Amy Hempel thinks she got a late start.
The renowned short story author wrote her first piece in her mid-twenties while taking a writing class at Columbia University.
SEE AMY HEMPEL READ HER WORK
Time: 6 p.m. Wednesday
Location: Carroll Hall, Room 111
Tickets: Admission is free
“The assignment was to write your worst secret,” Hempel, 59, said. “I felt that I had failed my best friend when she was dying.”
From the assignment came “In the Cemetery Where Al Jolson Is Buried,” which is now one of the most widely anthologized stories of the last 30 years.
Hempel said she would not have written about her secret otherwise.
Hempel will be at UNC this week as a part of the Morgan Writer-in-Residence program, which brings an influential author to campus each year.
Founded in 1993 by Allen and Musette Morgan, the program allows students to work with a professional writer and gives the community a chance to celebrate literary arts.
Hempel specializes in short stories and — more recently — short-short stories.
“I like what the short story can do,” Hempel said. “I have a natural feel for it.”
Hempel said she has had many influences, including fellow short story writers Mary Robison and Barry Hannah.
Lately, she said she has been gravitating toward poets, especially Detroit native John Rybicki.
“He is one of the most electrifying poets out there,” Hempel said.
Author Daniel Wallace, a professor in the comparative literature and English departments at UNC, said that Hempel’s poetic influence shines through in her work.
“She has a poetic intensity that is embedded in a cohesive narrative,” Wallace said. “It is difficult for writers to write beautifully and simply while also telling a story.”
Wallace said that Hempel does this with eloquence.
“She is untouchable,” he said.
Although Hempel calls herself her own worst critic, she said that many challenges that face aspiring writers are external, rather than internal.
“Writers are competing with real life, which is ever more dramatic and urgent,” Hempel said. “It is a challenge for writers to replace real life with their own mythology, even briefly.”

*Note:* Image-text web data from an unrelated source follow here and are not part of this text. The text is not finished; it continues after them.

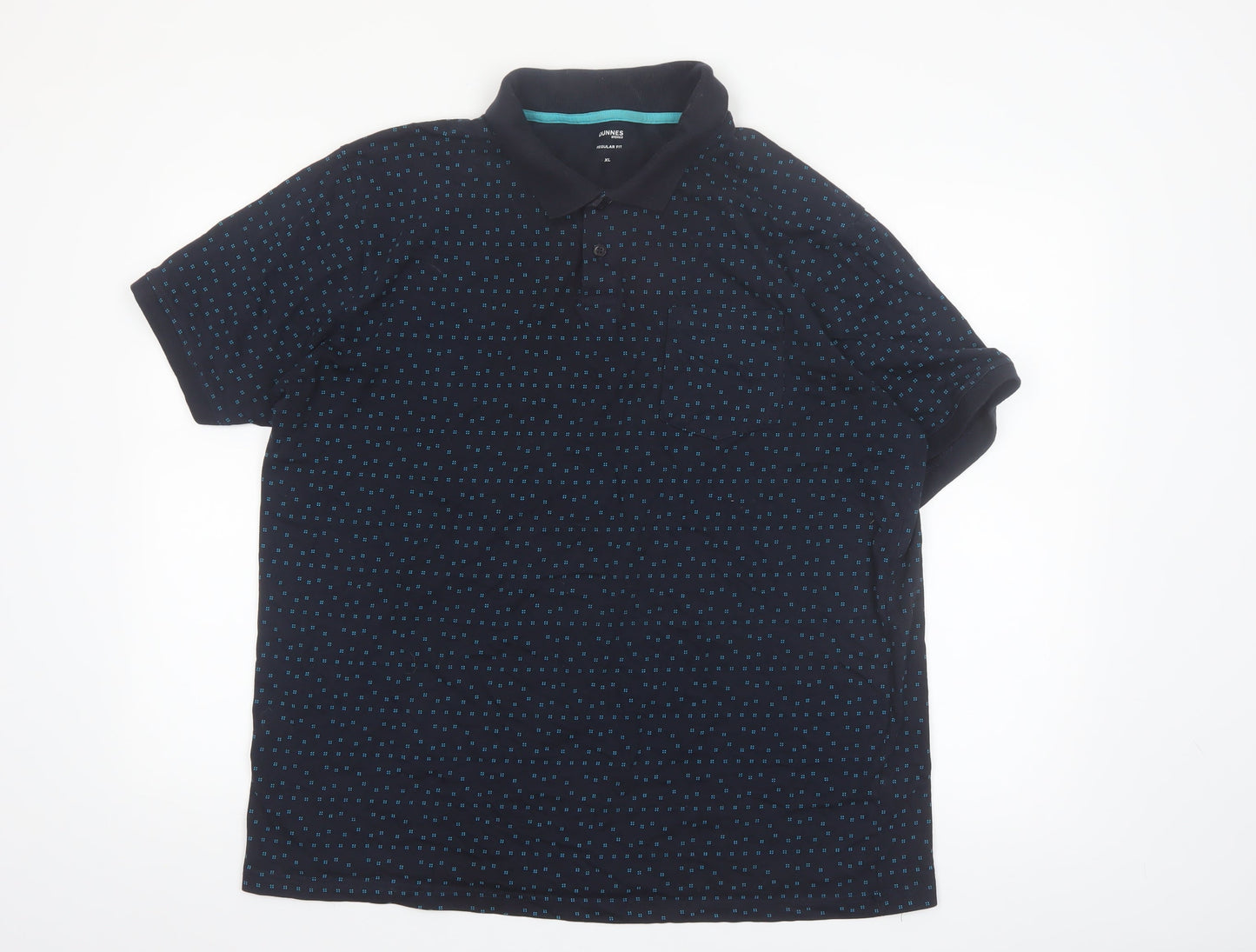 Dunnes Stores Men's Black Geometric Cotton Polo Shirt XL Regular Fit
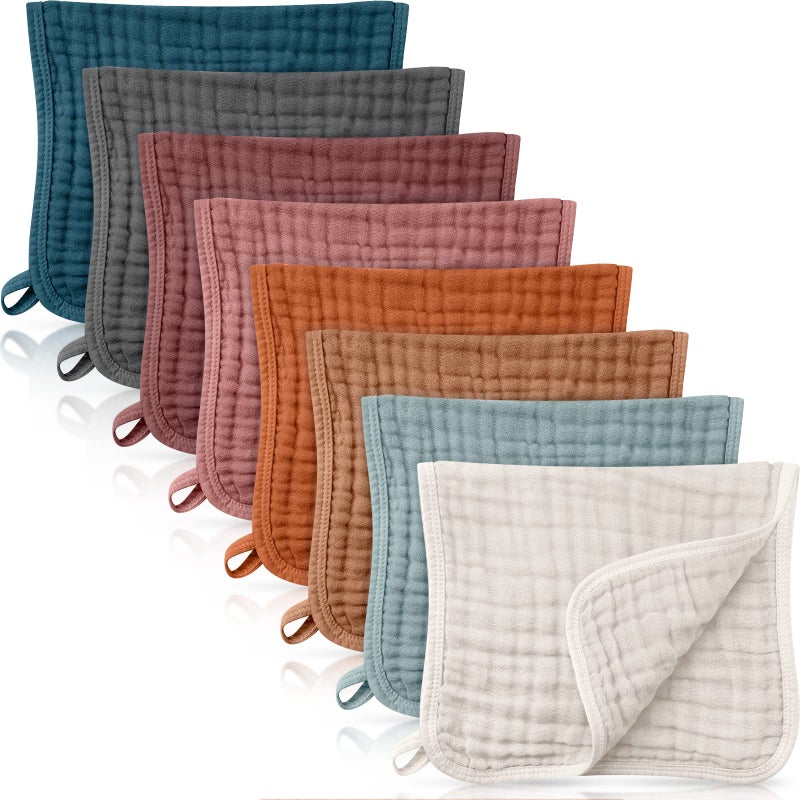 Remagr 8 Packs Muslin Burp Cloths 6 Layers Unisex Baby Items Absorbent Burp Rags Colorful Muslin Washcloths for Baby Plain Soft Cotton Cloth for Babies Girls Boys 10 x 20 Inch Vintage Colors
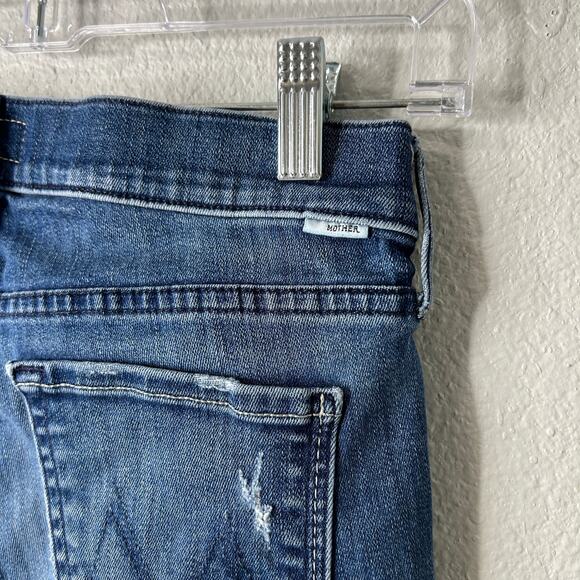 MOTHER The Rascal Ankle Step Fray Jeans Women’s 26 Dark Graffiti Raw Hem - Picture 11 of 15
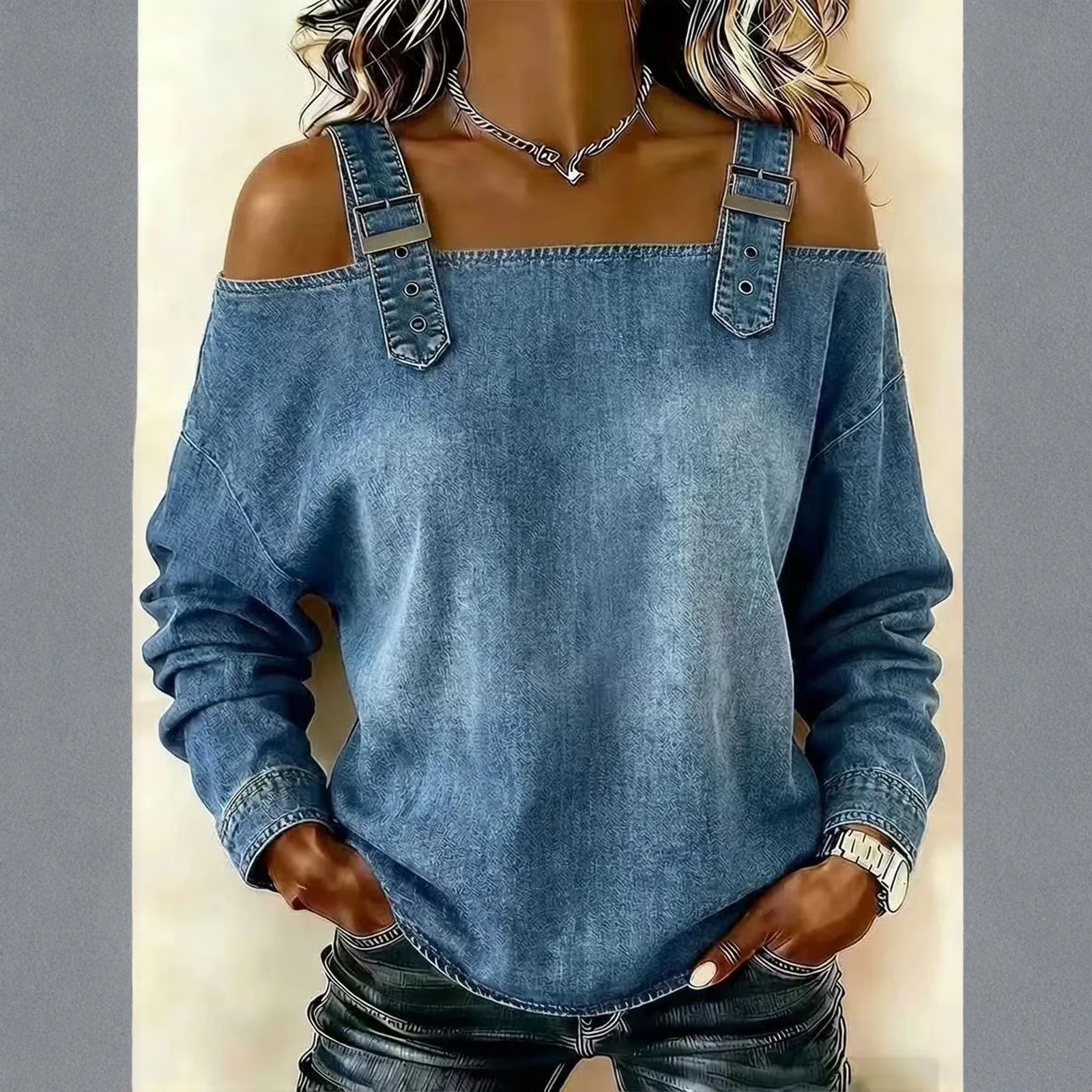 Women's Denim Top, Stylish Off-the-shoulder Long-sleeved Top with Shoulder Straps, Elegant and Versatile Denim Shirt, Streetwea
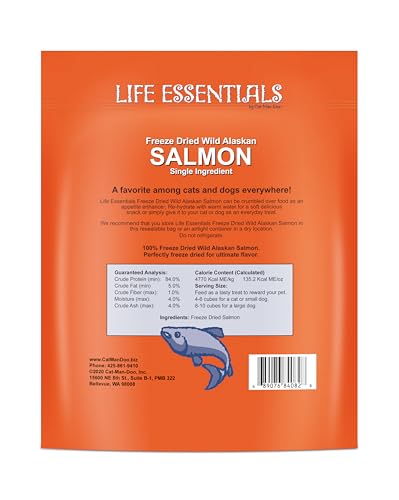 Life Essentials by Cat-Man-Doo | Salmon - 5oz. Bag | Freeze Dried Salmon Cat & Dog Treats | Healthy, Single Ingredient, Tr...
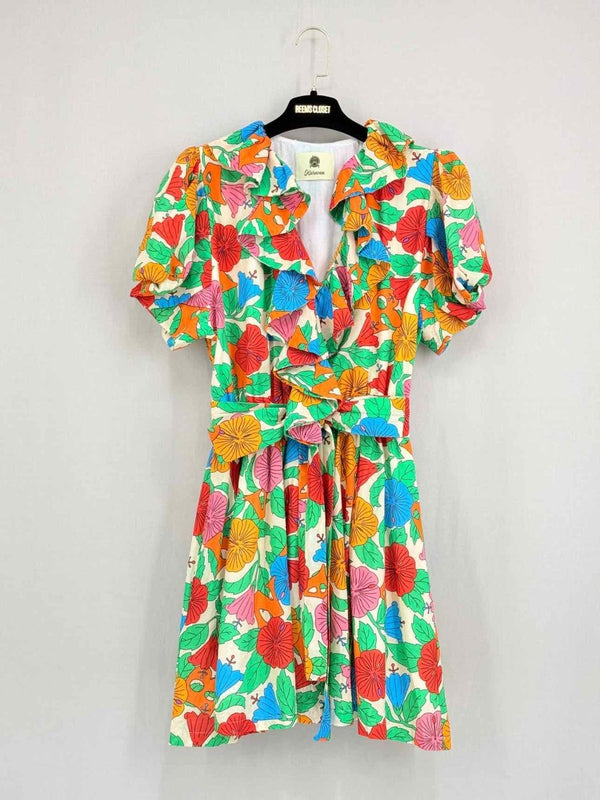 Pre - loved KARAVAN Green Multicolor Print Size Small Short Dress at Reems Closet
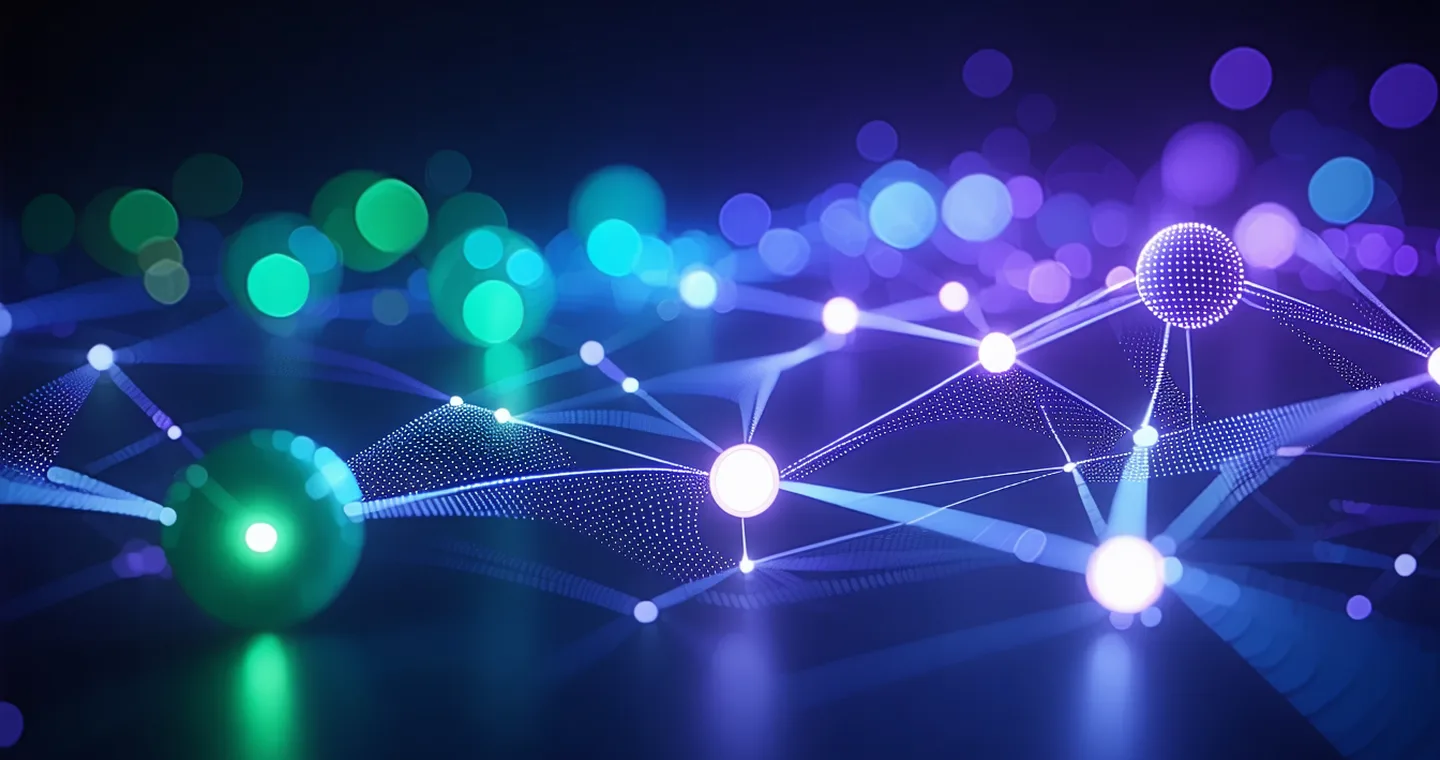 Abstract visualization of a data pipeline DAG graph with glowing node connections on dark background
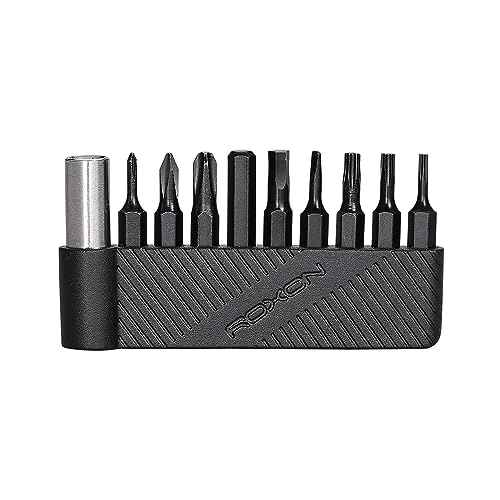 ROXON 9 pcs bit group set with magnet extended holder to adapt bits for ROXON KS2, H1, S802S, M2, M3 ; Different sizes of screwdriver T8 T6 T10 PH0 PH2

UNC English professor Randall Kenan, a long-time friend and colleague of Hempel, said that her personality and her compassion are evident in her writing.
Wallace said Hempel’s reading on Wednesday is not to be missed.
“Some students look at these readings as dull events and, honestly, sometimes they are,” Wallace said.
“Going to see Amy read is going to be like seeing an extremely literary stand-up comic.”